Using my Persuasion score of 22 I'll suggest that you look beyond the break for more details: go on, I'll be your friend.
The best RPG's of yesteryear struggled when it came to one fundamental player choice: the non-lethal approach. Often you're presented with many non-lethal skills and abilities only to find that if you invest too heavily in them you're unable to pass a certain enemy *long and contrived cough* Deus Ex: Human Revolution *cough*. Not Project Eternity, or so Obsidian claim in their latest project update.
They've laid out a number of design goals that aim to avoid the pitfalls of their forebears:
- Non-combat skills are gained separately from combat skills. You shouldn't have to choose between Magic Missile and Herbalism. They should be separate types of abilities, and you should spend different points to get each one.
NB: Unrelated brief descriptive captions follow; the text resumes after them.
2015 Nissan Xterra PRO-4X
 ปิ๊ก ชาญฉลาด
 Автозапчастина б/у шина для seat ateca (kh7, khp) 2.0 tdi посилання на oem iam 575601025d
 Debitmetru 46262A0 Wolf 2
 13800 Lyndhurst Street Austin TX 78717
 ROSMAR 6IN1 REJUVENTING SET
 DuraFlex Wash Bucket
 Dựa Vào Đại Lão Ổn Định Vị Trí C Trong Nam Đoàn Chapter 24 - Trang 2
- Non-combat skills do not use the same resources as combat skills. You don't spend the same stuff for a non-combat skill as you do for combat skills. Some don't use anything at all to use, so you will never find yourself unable to blast an opponent if you get caught sneaking.
- All non-combat skills are useful. If we add lockpicking to the game, we will make sure that there are locks to pick and worthwhile rewards for getting past them.
- All non-combat skills can be used frequently. If you take disarm traps as a skill, you should expect more than two traps in the entire game world. Frequency of application has a large impact on how useful something is.
- Combat can be avoided with non-combat skills. There will often be ways to avoid fighting. Yes, we will have the standard methods of talking your way out of a fight or sneaking around an encounter, but there will be other ways too. Perhaps you can re-sanctify a desecrated cemetery to prevent any further undead from rising, or maybe figuring out a way across a ruined bridge will always avoid the bandits on this side of the river.
- Avoiding combat does not lead to less experience gain. You shouldn't go up levels any slower by using your non-combat skills rather than your combat skills. We plan to reward you for your accomplishments, not for your body count.
They're not suggesting that you'll be able to complete the game without killing but by separating combat and non-combat they're not penalising players for investing in the more pacifistic abilities.
As with many Kickstarters, this is still in a theory stage and so we can't go congratulating Obsidian just yet, but this could potentially shift RPGs in a good direction. Emphasising the two play styles in tandem instead of opposing disciplines.